Dann ruft der Platzsprecher zur Pause und die Show beginnt. Eine Heerschar von Trommlern und Dudelsackspielern in Kilt und Schottenmütze zieht in die Arena ein, sechs Pipe Bands verschmelzen zu einem Getöse. Es durchdringt Hirn, Ohren, Herz und Lunge, es gibt kein Entkommen, man würde auch nicht wollen, wofür ist man denn in Schottland, und mit geschlossenen Augen fühlt es sich an, als marschierten die Musiker an der Seite von Robert the Bruce in den Krieg gegen die Engländer. Wäre man Schotte, man wäre stolz.

Hinter den Bands folgen in Tracht und bemühtem Gleichschritt die anwesenden Mitglieder des Clan Grant, der diese Region einst regierte und im Rahmen der Games alljährlich ein britisch-kanadisch-deutsch-neuseeländisch-australisch-österreichisches Familientreffen feiert. Und auch wenn die fokussierte, zelebrierte Intensität der Bands wieder der allgemeinen Sinnesüberreizung weichen muss – etwas Magie bleibt in der Luft. Selbst – oder gerade dann? – wenn sich die Pipe Bands wenig später im Tauziehen duellieren.

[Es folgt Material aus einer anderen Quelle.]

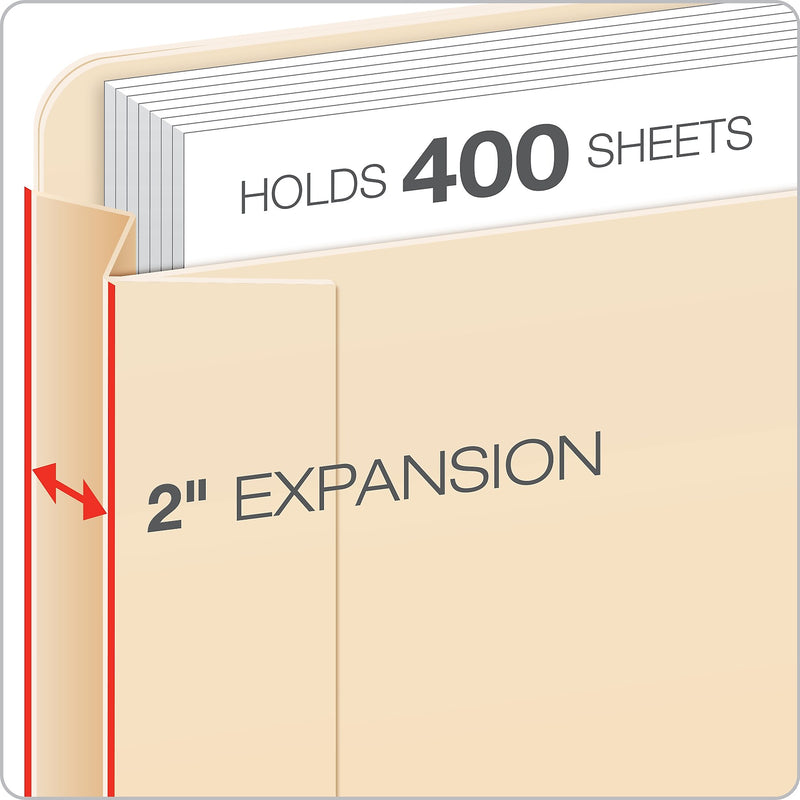 Pendaflex Smart Shield Manila Reinforced File Jackets, Top Tab, 2" Expansion, Letter Size, 50/Box (22025EE)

Der Einmarsch der Pipe Bands.

Der Sport soll nicht vergessen werden: Schiller holt – wieder mit Kilt – einige zweite und dritte Plätze, er nimmt 190 Pfund, rund 210 Euro, mit. Das regelmäßige Training in der Wiener Seestadt hat sich für den Ex-Hammerwerfer ausgezahlt. Der tschechische Kapitalathlet Vlad Tulacek war unbezwingbar, überschlug in der Bonusrunde der Königsdisziplin "Tossing the Caber" sogar den extraschweren, im Fluss getränkten Baumstamm – mit gerader Landung auf "12 Uhr", das eigentliche Ziel beim Baumstammwerfen. Die Belohnung: eine Flasche Whiskey.

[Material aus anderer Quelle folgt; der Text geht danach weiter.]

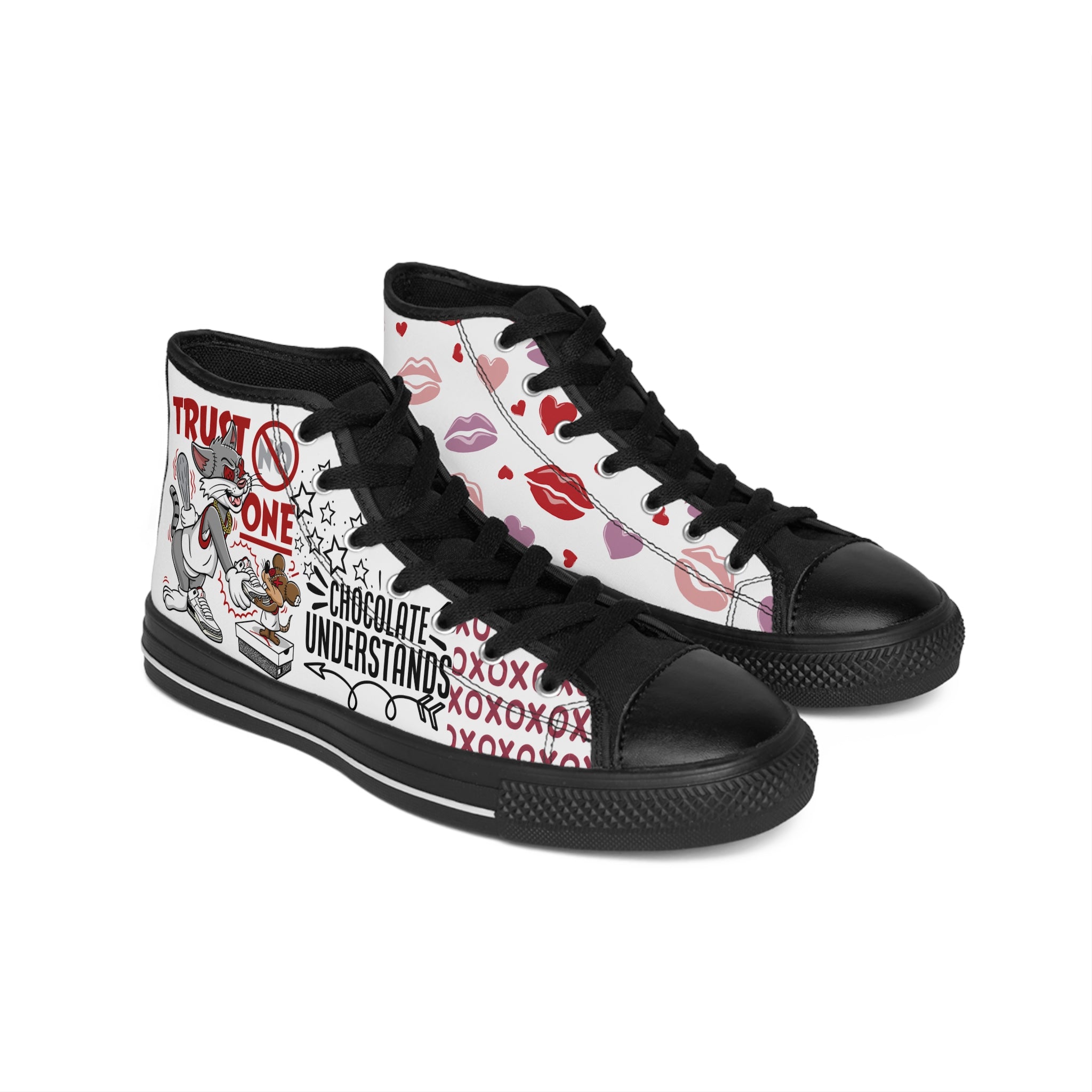 Trendy High-Top Sneakers for Creative Souls, Unique Gift for Artists, Fun Streetwear, Perfect for Valentine's, Graphic Kicks for Every [...]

Vlad Tulacek wirft den Challenge Caber.

Die Schotten sind abgeschlagen. "Die haben ein Nachwuchsproblem", sagt Schiller. Also räumen die Ausländer ab, immer wieder, die Österreicher sind Stammgäste: "Sie freuen sich, wenn du kommst, sie freuen sich aber auch, wenn du wieder gehst." Schiller berichtet von Jahren, in denen Hammerwurf und Co. in Abernethy eine ausländische Privatveranstaltung waren, die Österreicher erhielten das Spektakel quasi am Leben.

Mittlerweile gibt es wieder ein paar schottische Konkurrenten. Denn, auch wenn den Zauber der Highland Games die Dudelsäcke gleichermaßen ausmachen: Das Fleisch ist der Sport. Egal, ob so wie beim berühmten Gathering in Braemar 15.000 Besucher und die Queen zuschauen oder in einem abgelegenen Dorf ein paar Kinder im Matsch spielen. (Martin Schauhuber, 24.8.2018)

Dieser Text entstand im Rahmen von eurotours 2018, einem Projekt des Bundespressedienstes, finanziert aus Bundesmitteln.